At trial, defendant repudiated his earlier statements, claiming that he had never met Jennings and did not kill him. Defendant also presented the alibi that he had been working at Thrift Town, a secondhand shop, on the day Jennings died. Defendant's time card was punched in at 12:31 p.m. and punched out at 9:02 p.m. In rebuttal, the People showed that others could have punched defendant's card. Defendant's brother, who also worked at Thrift Town, punched out for lunch at 12:31 p.m. Karen Worden, defendant's friend, punched out at 9:03 p.m.

c. The Murder of Antoinette Brown

Defendant killed Antoinette Brown, a 75-year-old widow living alone, on November 16, 1980.

The last person who saw Brown alive was Wayne Anderson, a neighbor. At about 4 p.m. on Sunday, November 16, Brown brought Anderson some homemade cookies, and he invited her to Thanksgiving dinner. When Anderson returned from work the next day he saw that Brown's Sunday and Monday newspapers were still at her door. He knocked on her door and telephoned but got no answer. Because Brown still had not collected her newspapers on Tuesday, Anderson called Brown's sister, who had a key to the apartment.

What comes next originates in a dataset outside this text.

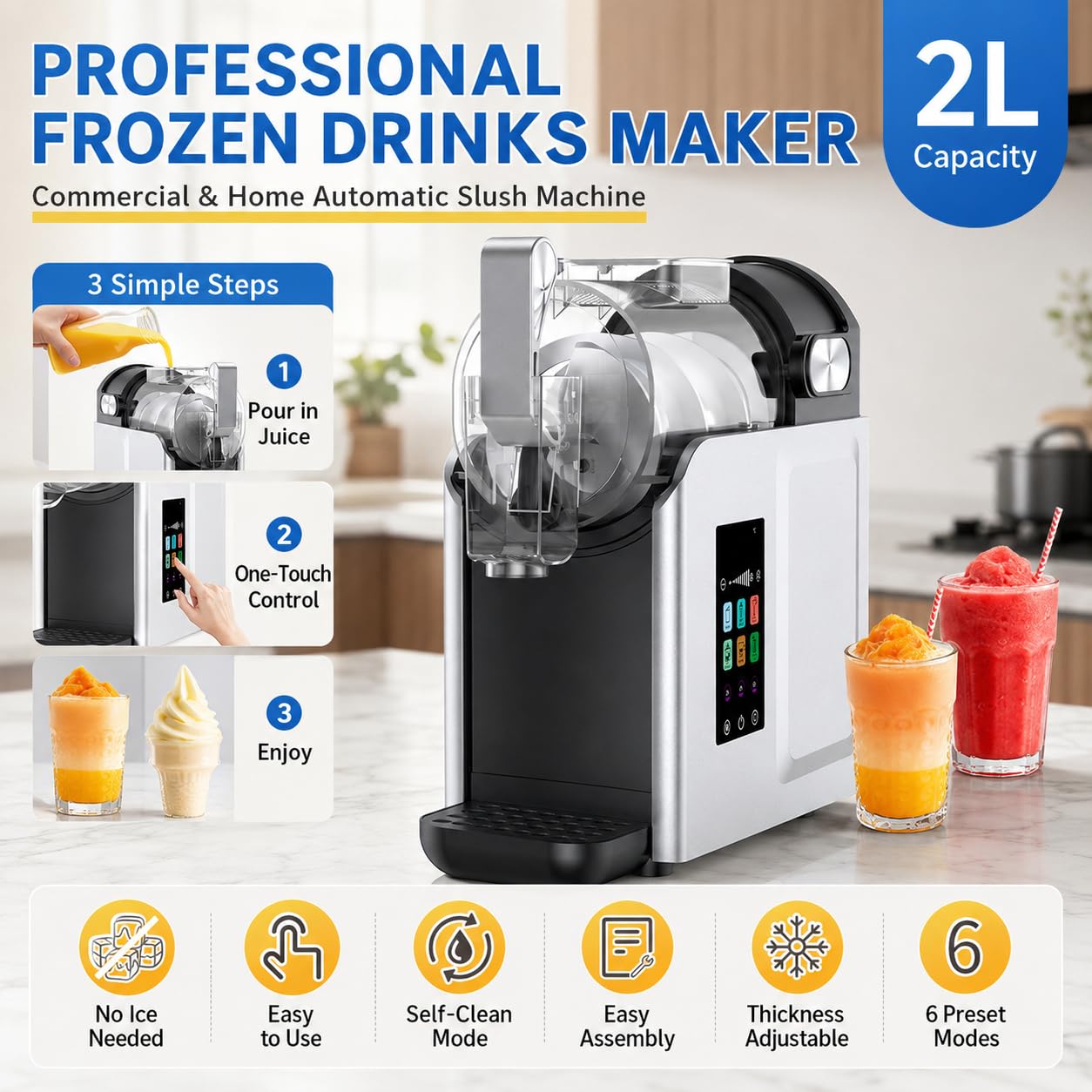 Creami Style Máquina De Granizados, 2L Bebidas Frías Para Hogar Y Café | 6 modos de bebidas, control táctil intuitivo, mantenimiento rápido, resultados café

Inside the apartment, Anderson and Brown's sister found the body face down in the bedroom. Around Brown's neck was a knotted ligature fashioned from a silk undergarment. Brown's body was clothed, but her slip had been pulled up above her waist and her brassiere had been pulled down. The [52 Cal.3d 922] autopsy surgeon determined that Brown had died of asphyxiation due to strangulation. Brown had also been beaten before death. There were bruises, scrapes, and cuts over most of her body. In addition, Brown's rings and purse had been taken from the apartment.

A second neighbor, Paula White, testified that she briefly saw a young, male stranger leave the elevator on the first floor at about 4 p.m. During their investigation, police asked White to select a photograph of the stranger from a set of six. She selected photographs of defendant and one other person.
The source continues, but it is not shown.